## EXERCISE DIRECTIONS:
The data below holds a line containing "Luxurious dining on the aft deck" and a line containing "Photo - 3705 Donaldson Dr NE"; please quote exactly those two lines and every line between them, and nothing else.

SOURCE RECORDS below:

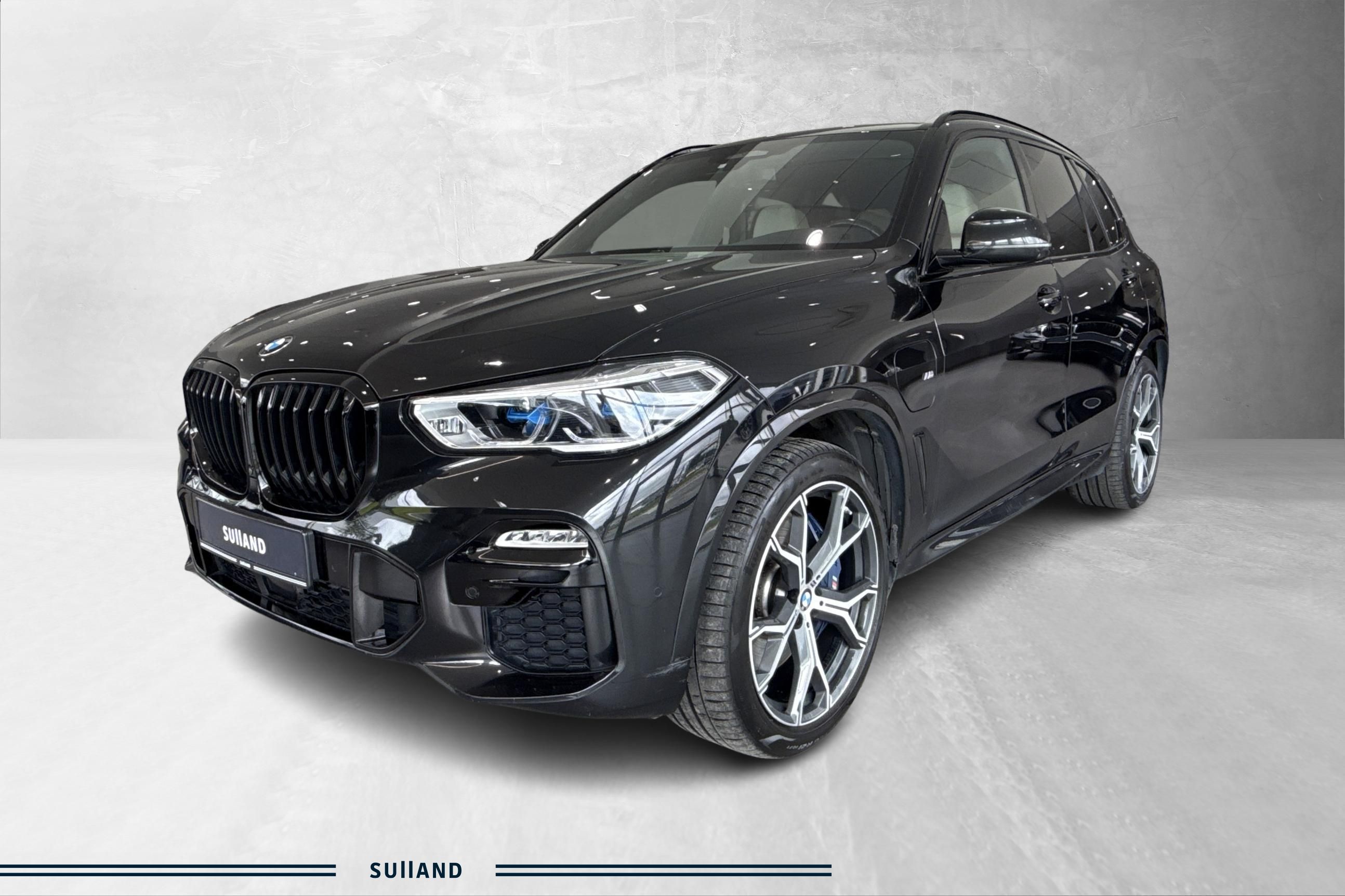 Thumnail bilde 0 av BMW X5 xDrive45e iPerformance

End of SOURCE RECORDS.
SOURCE RECORDS below:

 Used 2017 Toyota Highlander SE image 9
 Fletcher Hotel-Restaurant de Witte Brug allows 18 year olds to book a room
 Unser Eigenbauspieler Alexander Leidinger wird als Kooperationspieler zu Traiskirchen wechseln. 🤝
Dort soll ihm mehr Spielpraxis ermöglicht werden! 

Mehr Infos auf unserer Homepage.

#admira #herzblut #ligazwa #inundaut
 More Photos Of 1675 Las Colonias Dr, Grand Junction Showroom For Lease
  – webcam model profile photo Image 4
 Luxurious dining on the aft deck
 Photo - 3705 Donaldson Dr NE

End of SOURCE RECORDS.
SOURCE RECORDS below:

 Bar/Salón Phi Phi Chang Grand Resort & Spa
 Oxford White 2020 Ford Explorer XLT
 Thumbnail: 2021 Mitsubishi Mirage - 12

End of SOURCE RECORDS.

## FINISHED TASK:
 Luxurious dining on the aft deck
 Photo - 3705 Donaldson Dr NE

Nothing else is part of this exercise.